Затем дарю без сожаленья
Мотэну Жану, сей свинье…
– Господин судья, я настоятельно прошу прекратить чтение оскорбительных стишков, не имеющих отношения к делу обвиняемого.
…В темнице годы заточенья,
А пытки – Пьеру Базанье…
Рядом с Матэном теперь стоял и королевский нотариус Базанье – оба красные от гнева, размахивающие Руками. А голос мэтра Корню безжалостно продолжал выдергивать, как крючком, новую поживу для толпы, теснившейся в зале и на галерке. Уже, расталкивая стражу, к выходу спешил Фурнье – прокурор прихода святого Бенедикта, но слова с грохотом катились ему вслед, и он беспомощно закрыл голову руками.
Дабы мой прокурор Фурнье
Во время зимних холодов
Не замерзал в своем рванье.
Мое отдать ему готов…
Выбравшись на улицу, Фурнье еще слышал хохот и ненавистные слова.

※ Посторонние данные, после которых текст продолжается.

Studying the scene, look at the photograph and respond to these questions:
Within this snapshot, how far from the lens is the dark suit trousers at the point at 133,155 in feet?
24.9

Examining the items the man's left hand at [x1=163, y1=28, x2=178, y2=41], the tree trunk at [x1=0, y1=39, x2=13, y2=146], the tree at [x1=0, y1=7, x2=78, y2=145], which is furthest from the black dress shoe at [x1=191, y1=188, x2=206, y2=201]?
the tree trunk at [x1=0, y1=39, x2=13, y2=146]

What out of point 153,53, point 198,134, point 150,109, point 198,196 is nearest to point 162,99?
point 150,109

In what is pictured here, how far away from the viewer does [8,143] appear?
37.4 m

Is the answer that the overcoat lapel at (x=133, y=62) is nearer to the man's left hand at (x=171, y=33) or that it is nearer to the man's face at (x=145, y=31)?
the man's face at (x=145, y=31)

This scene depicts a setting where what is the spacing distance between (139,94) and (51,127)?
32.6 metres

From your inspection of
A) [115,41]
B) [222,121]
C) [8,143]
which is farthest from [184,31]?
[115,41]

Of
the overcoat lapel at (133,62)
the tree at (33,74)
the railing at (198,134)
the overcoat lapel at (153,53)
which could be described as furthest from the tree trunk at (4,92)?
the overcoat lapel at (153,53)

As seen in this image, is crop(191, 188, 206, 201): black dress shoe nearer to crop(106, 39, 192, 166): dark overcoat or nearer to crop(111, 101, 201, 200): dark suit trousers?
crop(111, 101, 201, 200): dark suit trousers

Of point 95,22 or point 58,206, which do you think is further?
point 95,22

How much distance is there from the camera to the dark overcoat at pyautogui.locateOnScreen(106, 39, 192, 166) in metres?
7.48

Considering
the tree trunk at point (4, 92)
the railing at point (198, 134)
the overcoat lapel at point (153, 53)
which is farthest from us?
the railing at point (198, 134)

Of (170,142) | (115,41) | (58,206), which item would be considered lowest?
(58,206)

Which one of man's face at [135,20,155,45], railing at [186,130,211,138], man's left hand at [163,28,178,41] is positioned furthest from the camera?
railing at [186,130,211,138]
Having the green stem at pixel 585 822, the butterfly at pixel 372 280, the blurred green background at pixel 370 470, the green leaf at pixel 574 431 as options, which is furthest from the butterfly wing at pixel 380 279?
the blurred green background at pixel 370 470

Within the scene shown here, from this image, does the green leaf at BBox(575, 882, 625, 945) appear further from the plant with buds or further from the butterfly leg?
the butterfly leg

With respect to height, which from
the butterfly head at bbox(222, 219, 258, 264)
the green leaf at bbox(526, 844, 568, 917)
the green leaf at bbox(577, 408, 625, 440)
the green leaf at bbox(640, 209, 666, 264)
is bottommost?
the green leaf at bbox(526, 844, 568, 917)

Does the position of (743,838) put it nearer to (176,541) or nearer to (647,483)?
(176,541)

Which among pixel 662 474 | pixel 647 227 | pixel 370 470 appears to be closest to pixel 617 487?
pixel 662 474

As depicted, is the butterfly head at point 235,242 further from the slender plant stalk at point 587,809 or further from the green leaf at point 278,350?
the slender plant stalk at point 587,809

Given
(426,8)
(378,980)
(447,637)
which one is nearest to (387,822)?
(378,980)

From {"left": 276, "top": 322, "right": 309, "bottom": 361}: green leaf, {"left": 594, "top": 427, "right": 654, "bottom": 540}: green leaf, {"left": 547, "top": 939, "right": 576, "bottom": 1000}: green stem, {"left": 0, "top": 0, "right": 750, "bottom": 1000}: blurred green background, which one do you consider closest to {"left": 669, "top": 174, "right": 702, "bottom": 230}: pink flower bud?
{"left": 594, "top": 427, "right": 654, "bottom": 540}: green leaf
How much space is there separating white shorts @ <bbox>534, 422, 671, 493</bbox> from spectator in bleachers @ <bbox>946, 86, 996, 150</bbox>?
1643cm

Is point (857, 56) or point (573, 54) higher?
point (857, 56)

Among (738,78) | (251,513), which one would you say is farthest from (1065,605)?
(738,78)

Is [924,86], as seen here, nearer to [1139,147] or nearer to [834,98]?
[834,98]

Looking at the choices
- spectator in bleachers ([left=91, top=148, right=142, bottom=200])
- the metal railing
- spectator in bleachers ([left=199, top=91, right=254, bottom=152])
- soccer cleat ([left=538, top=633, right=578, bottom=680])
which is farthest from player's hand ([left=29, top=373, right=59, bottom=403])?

Утерев пот рукавом мантии, он остановился на каменной ступени и украдкой вернулся в зал – послушать, что же проклятый школяр написал об остальных.

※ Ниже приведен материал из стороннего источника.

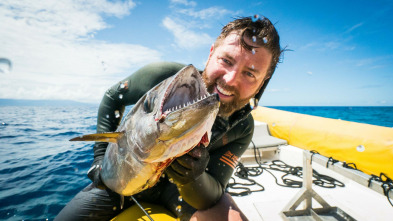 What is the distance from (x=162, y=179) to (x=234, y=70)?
5.93ft

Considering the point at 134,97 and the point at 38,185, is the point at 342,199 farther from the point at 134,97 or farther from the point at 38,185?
the point at 38,185

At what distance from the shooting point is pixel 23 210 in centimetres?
409

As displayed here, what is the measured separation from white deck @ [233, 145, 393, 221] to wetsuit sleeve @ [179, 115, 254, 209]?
50.4 inches

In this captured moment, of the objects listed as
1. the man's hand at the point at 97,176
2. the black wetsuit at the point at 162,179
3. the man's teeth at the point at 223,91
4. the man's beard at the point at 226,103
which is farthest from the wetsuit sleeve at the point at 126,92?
the man's teeth at the point at 223,91

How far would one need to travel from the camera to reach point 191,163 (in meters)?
1.41

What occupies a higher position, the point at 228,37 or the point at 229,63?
the point at 228,37

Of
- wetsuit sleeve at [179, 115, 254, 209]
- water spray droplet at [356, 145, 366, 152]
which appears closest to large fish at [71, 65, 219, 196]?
wetsuit sleeve at [179, 115, 254, 209]

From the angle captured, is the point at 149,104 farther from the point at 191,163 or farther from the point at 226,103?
the point at 226,103

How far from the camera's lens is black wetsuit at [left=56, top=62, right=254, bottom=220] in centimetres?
226

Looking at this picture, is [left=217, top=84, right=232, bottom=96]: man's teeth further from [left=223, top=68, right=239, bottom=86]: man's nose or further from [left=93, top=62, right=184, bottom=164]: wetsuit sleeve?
[left=93, top=62, right=184, bottom=164]: wetsuit sleeve

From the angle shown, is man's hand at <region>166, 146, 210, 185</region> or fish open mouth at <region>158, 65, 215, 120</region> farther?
man's hand at <region>166, 146, 210, 185</region>

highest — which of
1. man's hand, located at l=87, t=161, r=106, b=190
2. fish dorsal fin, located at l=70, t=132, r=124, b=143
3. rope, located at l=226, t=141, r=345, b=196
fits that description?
fish dorsal fin, located at l=70, t=132, r=124, b=143

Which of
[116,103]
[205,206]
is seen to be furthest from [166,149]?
[116,103]

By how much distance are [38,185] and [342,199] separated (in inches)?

Затем сержантов городских,
Которых забывать не след.
Вознагражу, хотя б двоих:
Дени Ришье и Жан Валлет
Получат славный амулет —
Петлю витую из мочала…
Затем, для пущего веселья.
Палач Маэ, Дубовый Нос,
Любовное получит зелье.
Чтоб он к жене своей прирос
И целовал ее взасос.
Ни неба, ни земли не чуя,
И доводил до горьких слез
Своим… Но тут уж промолчу я…
– Папаша Маэ, поделись свои зельем. – Сержант Ришье протянул руку.
– Дубовый Нос к жене прирос! – крикнули с галерки.
– Не верьте школяру Вийону, он оклеветал доброго дядюшку Маэ, иначе бы его жена не задирала юбки перед каждым.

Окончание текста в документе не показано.